* **Exercise description**
Look through the listing below for the line with "画像1: 【拡張アート】【日本語版】《黒曜石のオベリスク/Obsidian Obelisk》[DMC]" and the line with "Μία νέα γεύση". Copy both, along with every line between them, exactly and with no pictures.

* **Records to use**
══════════════════════════════

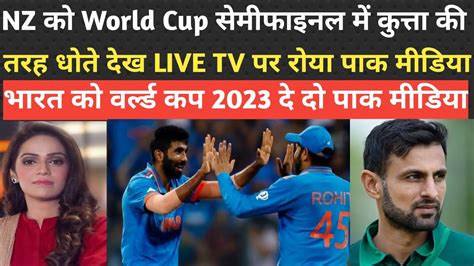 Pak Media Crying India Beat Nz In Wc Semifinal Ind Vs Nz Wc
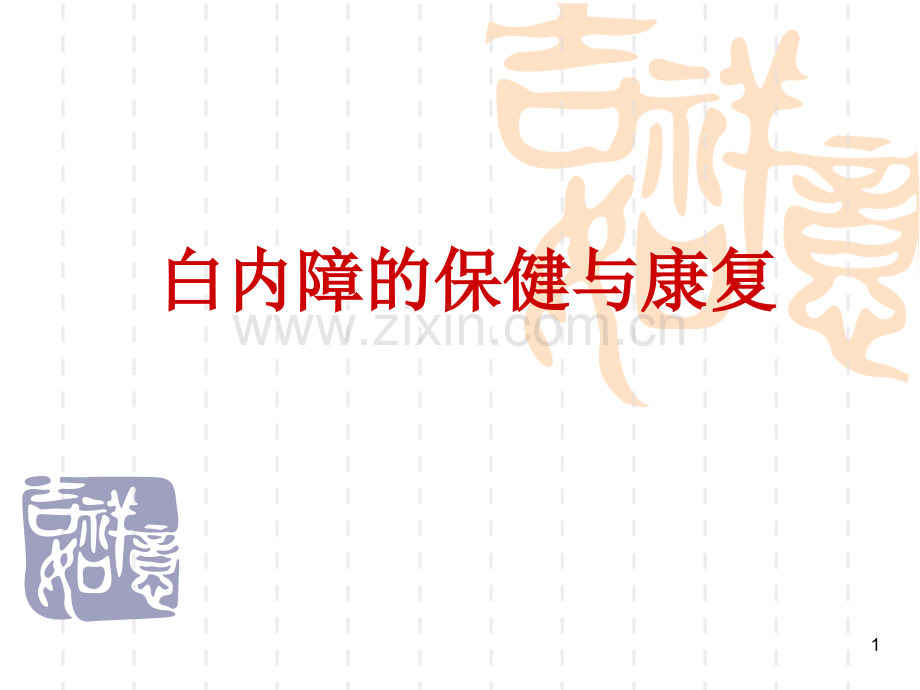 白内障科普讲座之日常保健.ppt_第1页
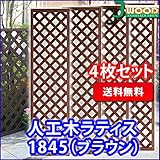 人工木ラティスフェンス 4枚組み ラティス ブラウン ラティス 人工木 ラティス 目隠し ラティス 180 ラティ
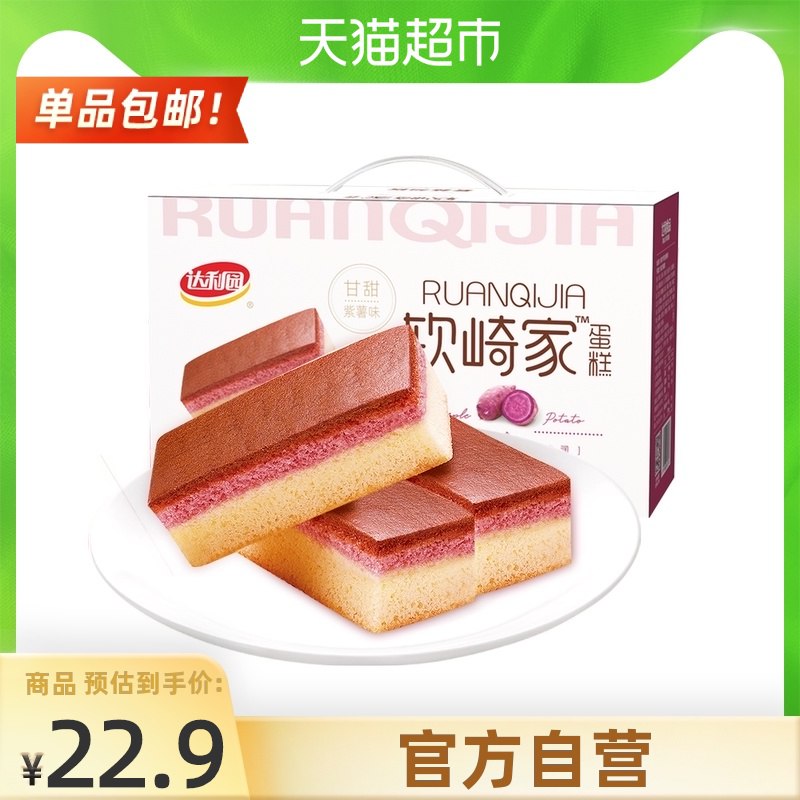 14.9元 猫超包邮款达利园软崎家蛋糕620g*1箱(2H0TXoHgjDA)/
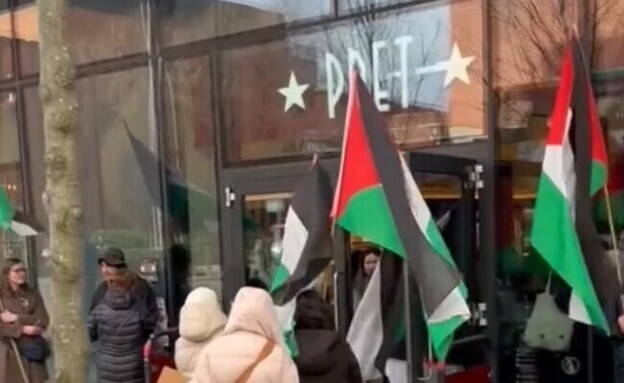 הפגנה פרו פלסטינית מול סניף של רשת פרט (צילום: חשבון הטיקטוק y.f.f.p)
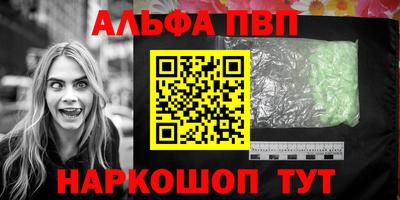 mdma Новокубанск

══════════════════════════════

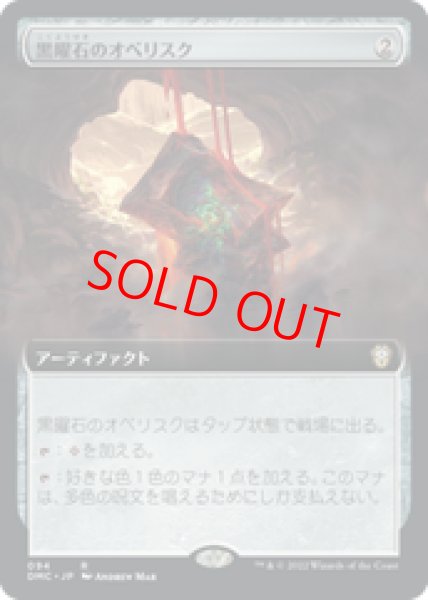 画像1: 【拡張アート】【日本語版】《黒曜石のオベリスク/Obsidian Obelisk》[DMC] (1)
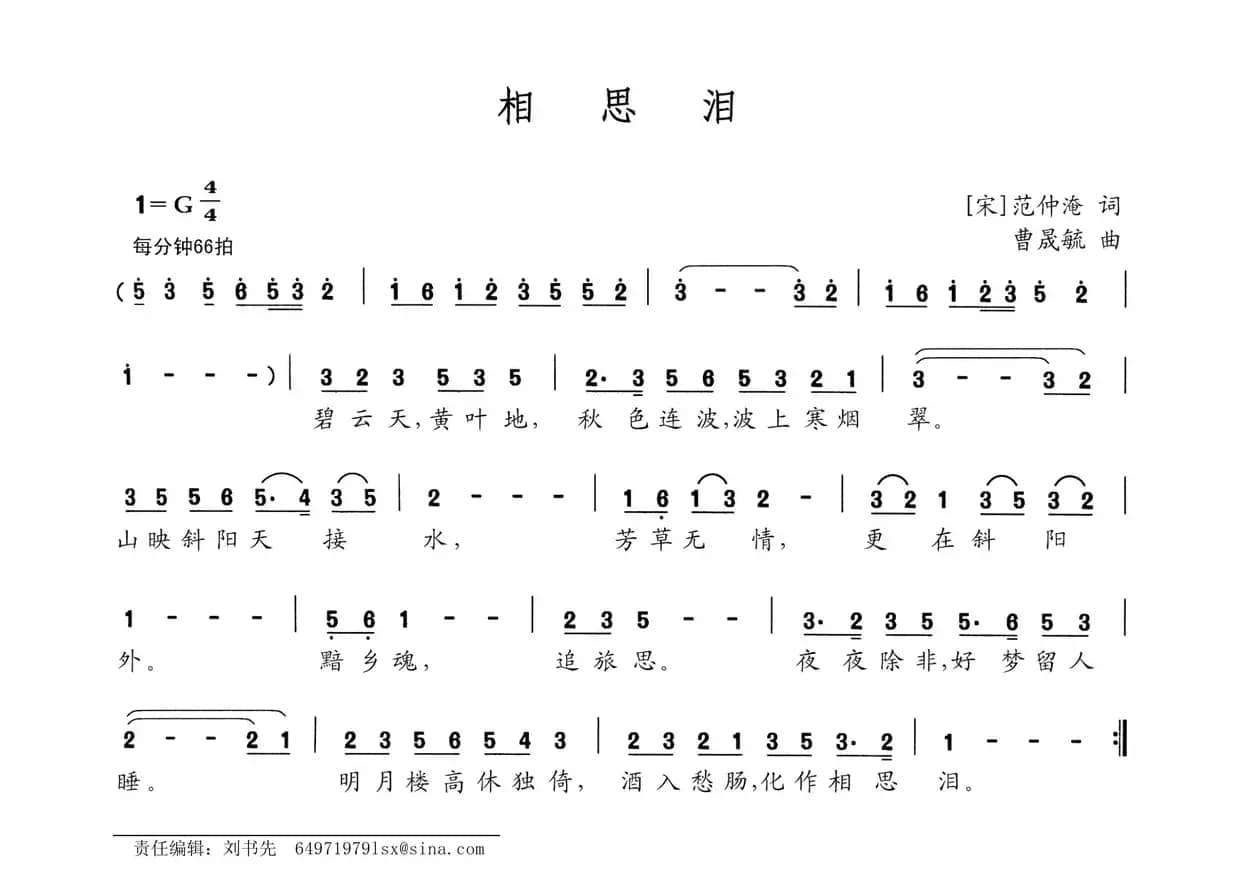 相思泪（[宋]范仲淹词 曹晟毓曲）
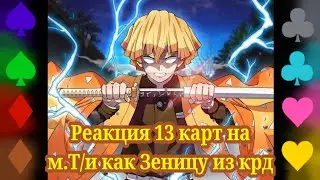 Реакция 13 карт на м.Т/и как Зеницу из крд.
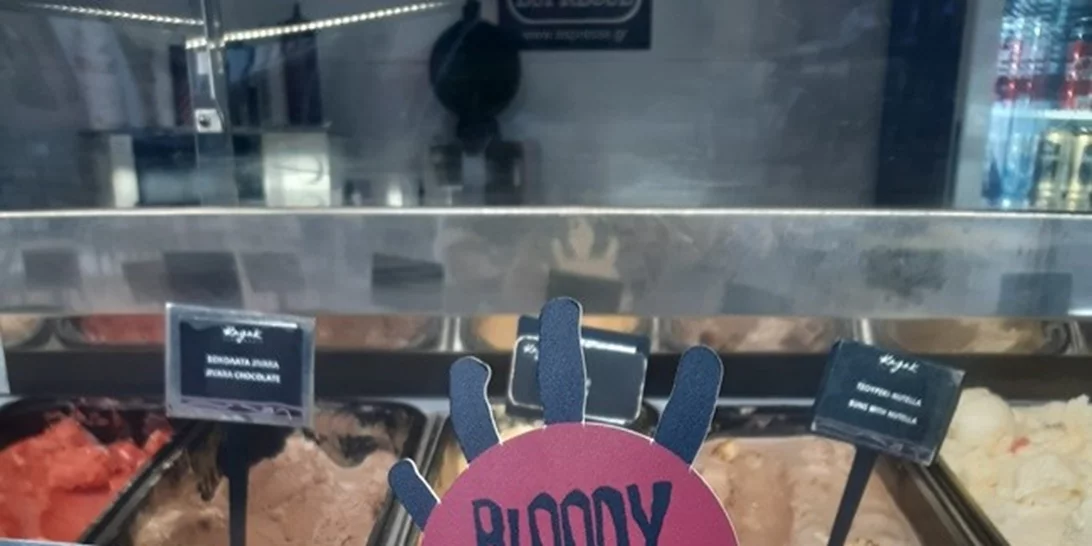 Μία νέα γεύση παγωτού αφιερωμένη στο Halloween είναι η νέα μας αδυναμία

══════════════════════════════

* **Answer box**
 画像1: 【拡張アート】【日本語版】《黒曜石のオベリスク/Obsidian Obelisk》[DMC] (1)
 相思泪（[宋]范仲淹词 曹晟毓曲）
 Реакция 13 карт на м.Т/и как Зеницу из крд.
 Μία νέα γεύση παγωτού αφιερωμένη στο Halloween είναι η νέα μας αδυναμία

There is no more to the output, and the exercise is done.